### Task instructions
Exactly transcribe the line that holds "Myrnas Mignon Étoile Spirit Charm" and every remaining line of the records, up to and including the final one, with nothing else.

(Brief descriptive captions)
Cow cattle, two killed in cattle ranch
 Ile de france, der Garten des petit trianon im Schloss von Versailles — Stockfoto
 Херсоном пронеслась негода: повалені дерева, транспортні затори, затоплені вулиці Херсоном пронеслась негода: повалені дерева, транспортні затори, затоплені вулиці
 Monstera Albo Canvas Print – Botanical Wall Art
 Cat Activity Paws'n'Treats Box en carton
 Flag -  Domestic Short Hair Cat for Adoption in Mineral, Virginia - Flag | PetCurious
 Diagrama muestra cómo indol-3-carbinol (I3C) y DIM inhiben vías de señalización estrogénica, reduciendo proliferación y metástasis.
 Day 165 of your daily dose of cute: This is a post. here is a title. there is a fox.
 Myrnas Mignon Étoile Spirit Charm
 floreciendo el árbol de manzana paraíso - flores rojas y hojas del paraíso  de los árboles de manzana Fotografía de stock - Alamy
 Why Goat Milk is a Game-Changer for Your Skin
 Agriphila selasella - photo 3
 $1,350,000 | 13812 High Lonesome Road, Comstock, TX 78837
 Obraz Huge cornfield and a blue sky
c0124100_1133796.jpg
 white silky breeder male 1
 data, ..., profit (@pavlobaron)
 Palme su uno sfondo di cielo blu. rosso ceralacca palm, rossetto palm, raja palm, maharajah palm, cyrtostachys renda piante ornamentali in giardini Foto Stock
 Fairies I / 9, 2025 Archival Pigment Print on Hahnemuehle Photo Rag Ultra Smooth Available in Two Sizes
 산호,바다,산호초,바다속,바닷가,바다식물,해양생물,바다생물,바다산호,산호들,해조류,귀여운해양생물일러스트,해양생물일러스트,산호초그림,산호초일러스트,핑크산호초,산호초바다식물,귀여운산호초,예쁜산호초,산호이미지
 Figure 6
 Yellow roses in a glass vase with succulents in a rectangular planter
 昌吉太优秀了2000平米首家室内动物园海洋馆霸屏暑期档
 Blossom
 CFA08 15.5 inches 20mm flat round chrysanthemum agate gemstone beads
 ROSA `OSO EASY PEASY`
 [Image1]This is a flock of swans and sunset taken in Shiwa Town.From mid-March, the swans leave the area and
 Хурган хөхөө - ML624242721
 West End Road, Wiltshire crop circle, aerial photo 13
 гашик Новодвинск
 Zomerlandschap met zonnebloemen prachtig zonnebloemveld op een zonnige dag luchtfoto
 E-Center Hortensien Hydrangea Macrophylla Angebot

### Task result
 Myrnas Mignon Étoile Spirit Charm
 floreciendo el árbol de manzana paraíso - flores rojas y hojas del paraíso  de los árboles de manzana Fotografía de stock - Alamy
 Why Goat Milk is a Game-Changer for Your Skin
 Agriphila selasella - photo 3
 $1,350,000 | 13812 High Lonesome Road, Comstock, TX 78837
 Obraz Huge cornfield and a blue sky
c0124100_1133796.jpg
 white silky breeder male 1
 data, ..., profit (@pavlobaron)
 Palme su uno sfondo di cielo blu. rosso ceralacca palm, rossetto palm, raja palm, maharajah palm, cyrtostachys renda piante ornamentali in giardini Foto Stock
 Fairies I / 9, 2025 Archival Pigment Print on Hahnemuehle Photo Rag Ultra Smooth Available in Two Sizes
 산호,바다,산호초,바다속,바닷가,바다식물,해양생물,바다생물,바다산호,산호들,해조류,귀여운해양생물일러스트,해양생물일러스트,산호초그림,산호초일러스트,핑크산호초,산호초바다식물,귀여운산호초,예쁜산호초,산호이미지
 Figure 6
 Yellow roses in a glass vase with succulents in a rectangular planter
 昌吉太优秀了2000平米首家室内动物园海洋馆霸屏暑期档
 Blossom
 CFA08 15.5 inches 20mm flat round chrysanthemum agate gemstone beads
 ROSA `OSO EASY PEASY`
 [Image1]This is a flock of swans and sunset taken in Shiwa Town.From mid-March, the swans leave the area and
 Хурган хөхөө - ML624242721
 West End Road, Wiltshire crop circle, aerial photo 13
 гашик Новодвинск
 Zomerlandschap met zonnebloemen prachtig zonnebloemveld op een zonnige dag luchtfoto
 E-Center Hortensien Hydrangea Macrophylla Angebot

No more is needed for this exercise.